A corporation is considered an artificial person under the law:

Being a separate “entity” (like an “artificial person”) is the hallmark of the corporate form. Being an “entity” means that the corporation is not tied to any one person or group of people but exists separately from its officers, directors, and shareholders as a distinct form.
The several advantages of a corporate form may help us to map out why the corporate form is considered a separate entity or an “artificial person” under the law:

  • Limited Liability: The Corporation is treated as a separate entity under the law in part because it can incur its own debts and liabilities. For example, people could sue Wal-Mart itself (the corporation), and not the individual officers of Wal-Mart. Wal-Mart the corporation would be responsible for any judgments. The limited liability aspect of the corporate form is actually very important because it encourages the board of directors to make candid and risky business judgments, and it encourages shareholders to invest in the corporation. This ensures involvement, innovation, and good business strategies among people who might otherwise be scared away by lawsuits.
  • Continuity: Because the corporate form is a separate entity, it can survive its founders, its shareholders, and its board of directors, and is not tied to the life of any one person. This creates continuity for investors and employees and allows the business to keep going, uninterrupted and without fear of liquidation. This is not so with other business forms such as a partnership.
  • Limited Rights as a “Person:” Because of these two main facets of the corporate form, several rights that would consider being individual rights have been given to corporations. For example, corporations can own property and other assets, can buy, sell, or lease property, and have very broad commercial rights so that the corporation can conduct business independent of an individual person and maintain continuity. Because corporations can own assets, they can pay off their debts, thus, it’s also ties to limited liability. Corporations also have limited noncommercial rights.

Conclusion:

Corporation is typically regarded as ‘artificial person’ in the eyes of the law, i.e., they have certain rights and responsibilities in society, just as an individual citizen might. Actually corporate law is the law of corporations. Once chartered, the corporation is completely separate from its owners, has its own life, is liable for its own debts and must pay its own taxes. When a business incorporates, it becomes a legal entity that survives of its own accord. It is no longer a dependent branch of its owners. It is an association recognized by civil law and regarded in all ordinary transactions as an individual. It is an artificial person. Corporation itself usually owns all the assets association with it. Corporations can exercise human rights against real individuals and the state and they can themselves be responsible for human rights violations. In a general sense, a corporation is a business entity that is given many of the same legal rights as an actual person. Corporations exist as virtual or fictitious persons, granting a limited protection to the actual people involved in the business of the corporation.

BIBLIOGRAPHY

1. Kraakman, Reinier H.; et al. (2004). Anatomy of Corporate Law: A Comparative and Functional Approach. New York: Oxford University Press.
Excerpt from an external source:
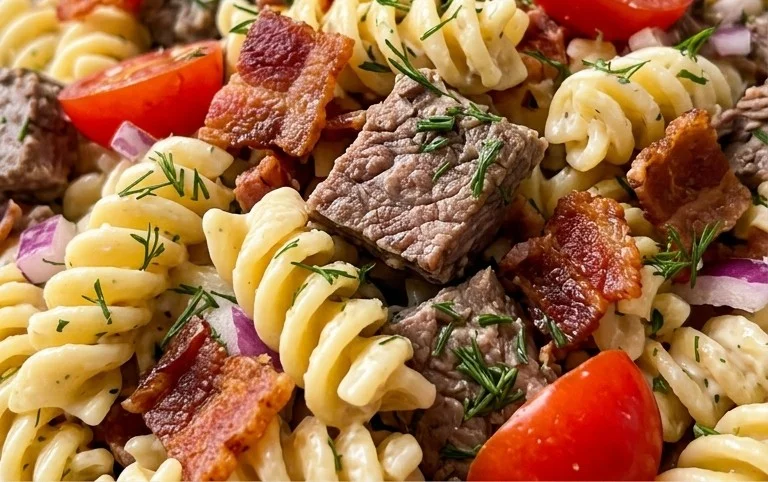 Beef Bacon Ranch Pasta Salad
2. Lowry, John; Dignam, Alan (2006). Company Law. New York: Oxford UniversitPress.

3. Phillip I. Blumberg, The Multinational Challenge to Corporation Law: The Search for a New Corporate Personality, (1993) discusses the controversial nature of additional rights being granted to corporations.

4. See, for example, the Business Corporations Act (B.C.) [SBC 2002] CHAPTER 57, Part 10

5. Corporate Manslaughter and Corporate Homicide Act 2007

6. RC Clark, Corporate Law (Aspen 1986) 2; See also, Hansmann et al., The Anatomy of Corporate Law (2004) Ch.1, p.2; C. A. Cooke, Corporation, Trust and Company: A Legal History, (1950).

7. Hansmann et al., the Anatomy of Corporate Law, pg 7.

8. Radhe Shyam Rungta, the Rise of the Business Corporation in India, 1851–1900, (1970)

9. R. Sobel, The Age of Giant Corporations (1984); J. Davis, Corporations (1905,      repr.1986); W. Doran, The Business Corporation in the Democratic Society (1987); J. Bakan, The Corporation: the Pathological Pursuit of Profit and Power (2004).

10. South African Constitution Art.8, especially Art (4)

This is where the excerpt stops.